The next two sections elaborate on these concerns expressed by the German Court and argue that the ECJ will likely concur with them.
The fear factor and monetary transmission
The German Court sums up the ECB’s position on the OMT in this way:
“[The ECB’s] monetary policy is no longer appropriately implemented in the Member States of the euro currency area because the so-called monetary policy transmission mechanism is disrupted. In particular, the link between the key interest rate and the bank interest rates is impaired. Unfounded fears of investors with regard to the reversibility of the euro have resulted in unjustified interest spreads.
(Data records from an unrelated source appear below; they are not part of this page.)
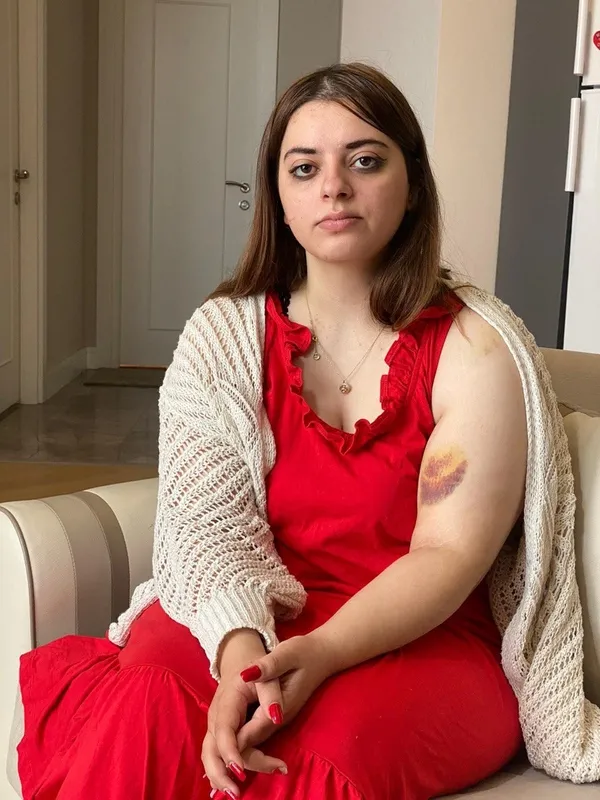 istanbul-beylikduzunde-urdunlu-kadin-eski-nisanlisi-ve-arkadasi-tarafindan-saldiriya-ugradi-saldirgan-tutuklan-1655798947212.jpg İstanbul Beylikdüzü'nde Ürdünlü kadın eski nişanlısı ve arkadaşı tarafından saldırıya uğradı saldırgan tutuklandı! 'Beni dövdüler kollarımı ısırdı'-3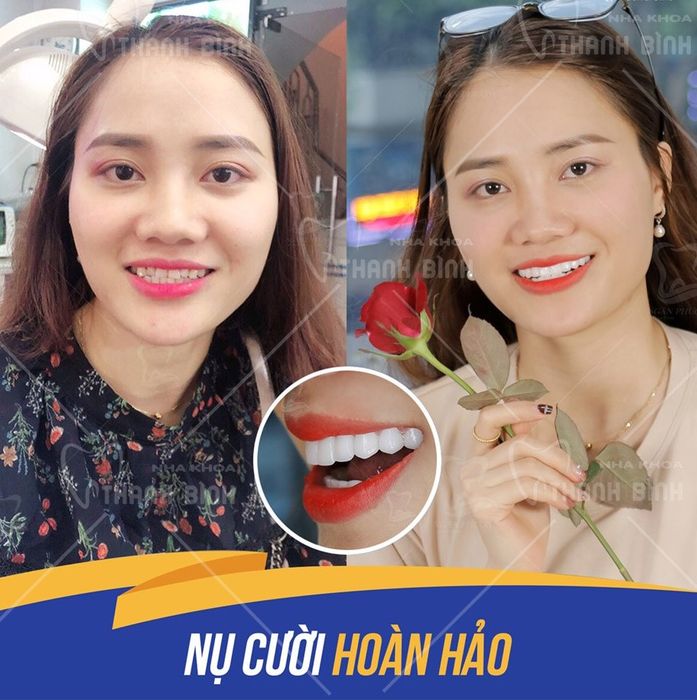 Hình ảnh phòng khám Nha khoa Thanh Bình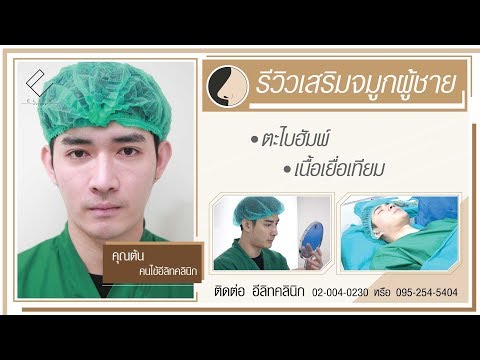 เสริมจมูก ผู้ชาย ทรง Elite clinic ตะไบฮัมพ์ให้สันจมูกเรียบสวย เสริมเนื้อเยื่อเทียม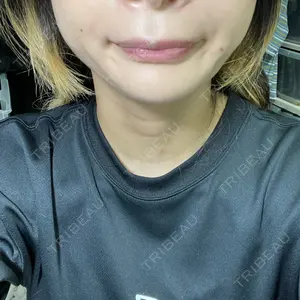 TCB東京中央美容外科 TCB東京中央美容外科 横浜院口コミ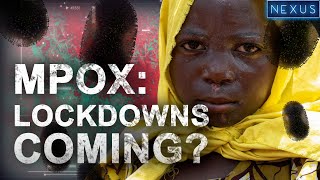 Mpox Outbreak: Return of Lockdown?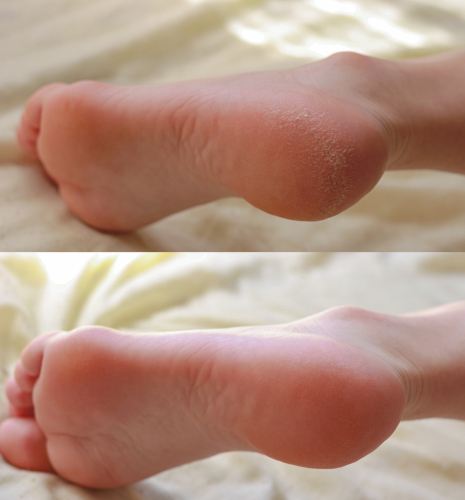 Pedicure.,Cracks,And,Dry,Callus,On,The,Heels.,Sloppy,And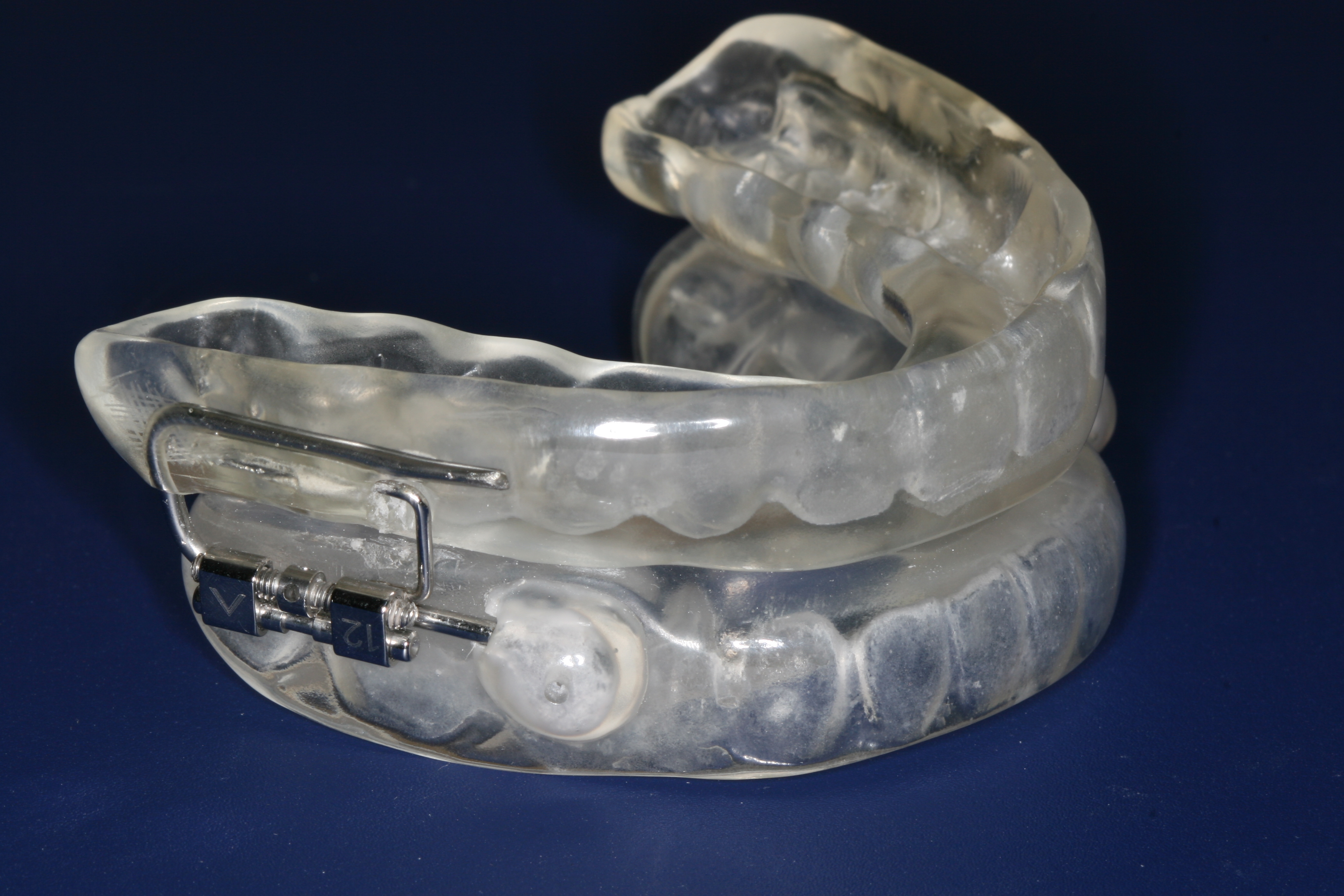 Dental sleep apnea oral device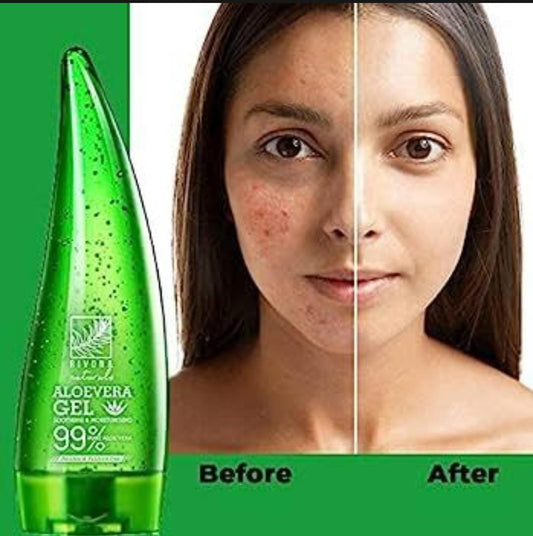 Korean Pure Aloe Vera Gel 120ml – 99% Soothing Gel for Face, Skin & Hair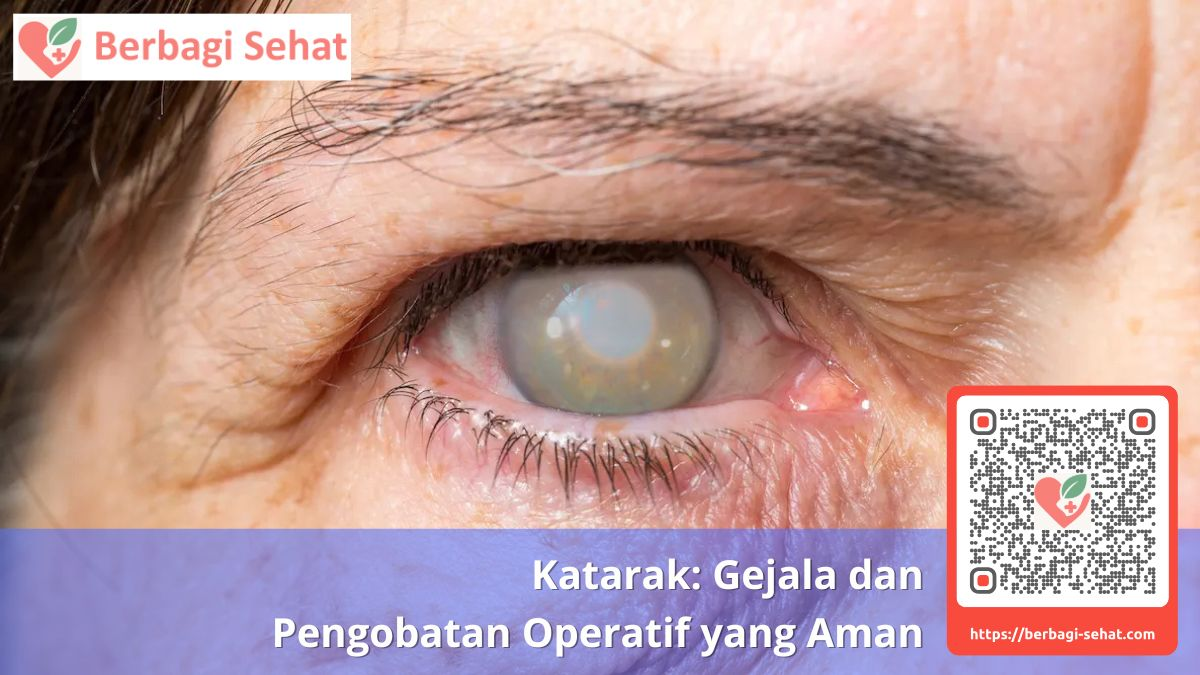 Katarak Gejala dan Pengobatan Operatif yang Aman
The Outright Monetary Transactions were intended to neutralise these spreads.”
But the German Court was unconvinced by this argument. Citing the Bundesbank and other experts, the German Court’s assessment reads: “…such interest rate spreads only reflect the scepticism of market participants that individual Member States will show sufficient budgetary discipline to stay permanently solvent. …one cannot in practice divide interest rate spreads into a rational and an irrational part…”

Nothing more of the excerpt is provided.